Data Akurat Menjadi Fondasi Pendapatan Daerah
Aries menilai, inti persoalan pendapatan daerah sesungguhnya terletak pada ketersediaan data. Menurutnya, data akurat menjadi dasar dalam merumuskan target pemasukan. Tanpa basis data yang valid, proyeksi penerimaan hanya akan bersandar pada perkiraan semata.
“Persoalan paling mendasar terkait dengan data. Jadi persoalan pendapatan itu akhirnya pada data. Ketersediaan data akurat menjadi dasar prediksi berapa pendapatan yang akan kita targetkan. Data yang valid ini nampaknya menjadi persoalan yang belum terselesaikan secara baik,” ujar Aries saat menjadi narasumber Forum Group Discussion (FGD) Pajak Daerah Kota Bandung, di Hotel Grandia, Bandung.
Diskusi Pajak Daerah Mengemuka
Dalam forum diskusi Selasa 16 September 2025, Aries mencontohkan bahwa Pajak Bumi dan Bangunan (PBB) tidak hanya berhubungan dengan objek bumi maupun bangunannya. Dinamika wajib pajak juga memengaruhi, mulai dari pembebasan PBB bagi masyarakat tidak mampu hingga penilaian atas aset yang terus meningkat nilainya.
“Secara nilai tentu objek pajak berupa aset akan terus mengalami kenaikan. Oleh karena itu, terkait PBB penting disediakan data yang dievaluasi secara berkala sebagai pedoman dalam menyusun target pendapatan yang akan dimasukkan ke dalam APBD,” tuturnya.

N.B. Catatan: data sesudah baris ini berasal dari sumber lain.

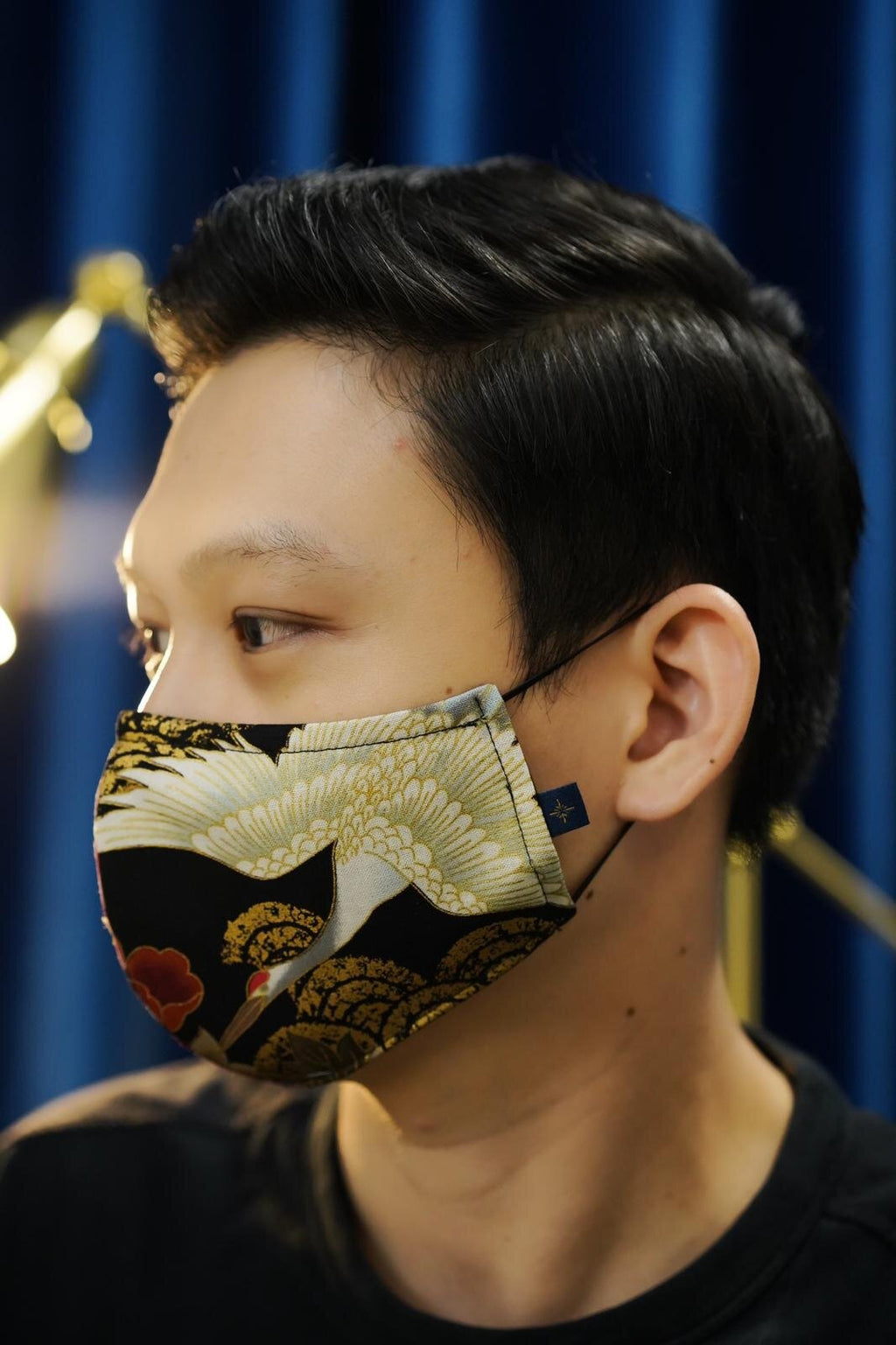 Libra Face Mask Osc.1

Selain itu, Aries menyoroti masalah parkir di bahu jalan. Menurutnya, potensi penerimaan dari sektor ini belum tergarap maksimal karena sistem pendataan yang tidak memadai. Tanpa evaluasi berkala dan teknologi pendukung, keakuratan data retribusi maupun pajak tidak akan tercapai.
Teknologi sebagai Instrumen Transparansi
Lebih lanjut, Aries menekankan pentingnya penggunaan teknologi tapping box sebagai instrumen transparansi. Teknologi ini dinilai mampu memberikan pasokan data real-time mengenai jumlah pendapatan yang benar-benar disetorkan, terutama dari sektor hotel, restoran, dan parkir.

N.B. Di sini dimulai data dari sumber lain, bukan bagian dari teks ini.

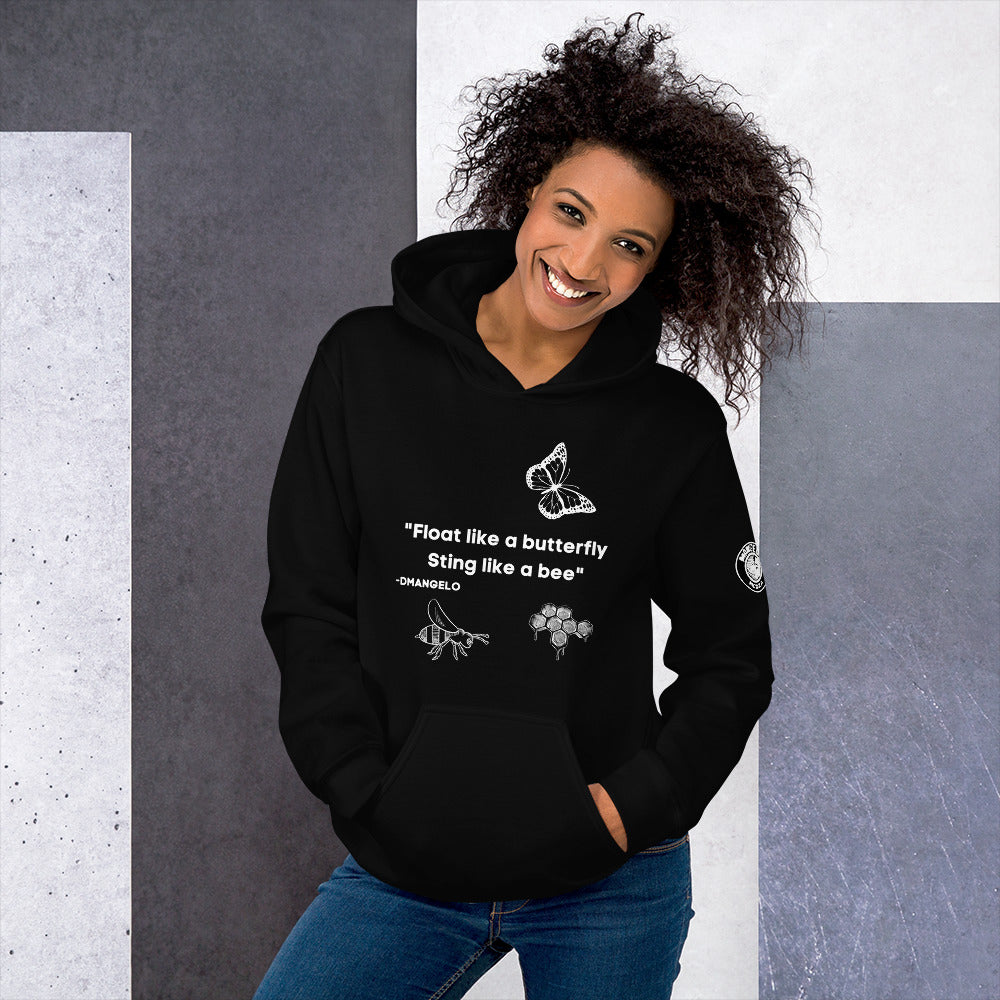 Oversized Hoodie Unisex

“Dengan teknologi tapping box sebetulnya bisa membantu pasokan data untuk menakar sejauh mana pendapatan disetorkan, terutama dari sektor pajak hotel, restoran, hingga parkir,” ujarnya.
Ia juga meminta Badan Pendapatan Daerah (Bapenda) Kota Bandung mengoptimalkan kinerja berbasis data. Menurutnya, data tersebut bukan hanya menjadi pedoman teknis, tetapi juga pijakan strategis bagi DPRD dalam menyusun APBD.

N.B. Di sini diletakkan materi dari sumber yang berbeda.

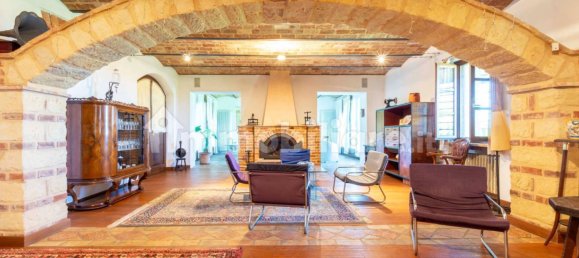 12 bedrooms House in Ottiglio, Italy No. 313458 17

“Penyusunan APBD itu diawali dengan melakukan inventarisir atau pendataan terkait dengan rencana pendapatan dalam penyusunan APBD. Dalam setiap rapat Badan Anggaran, diskusi kita cukup panjang dan mendalam terkait dengan persoalan target pendapatan pemerintah kota. Bagaimana peranan data sangat vital dalam mengoptimalisasi pendapatan daerah. Ketersediaan data valid akan memudahkan penyusunan APBD dan pelaksanaan anggaran,” jelasnya.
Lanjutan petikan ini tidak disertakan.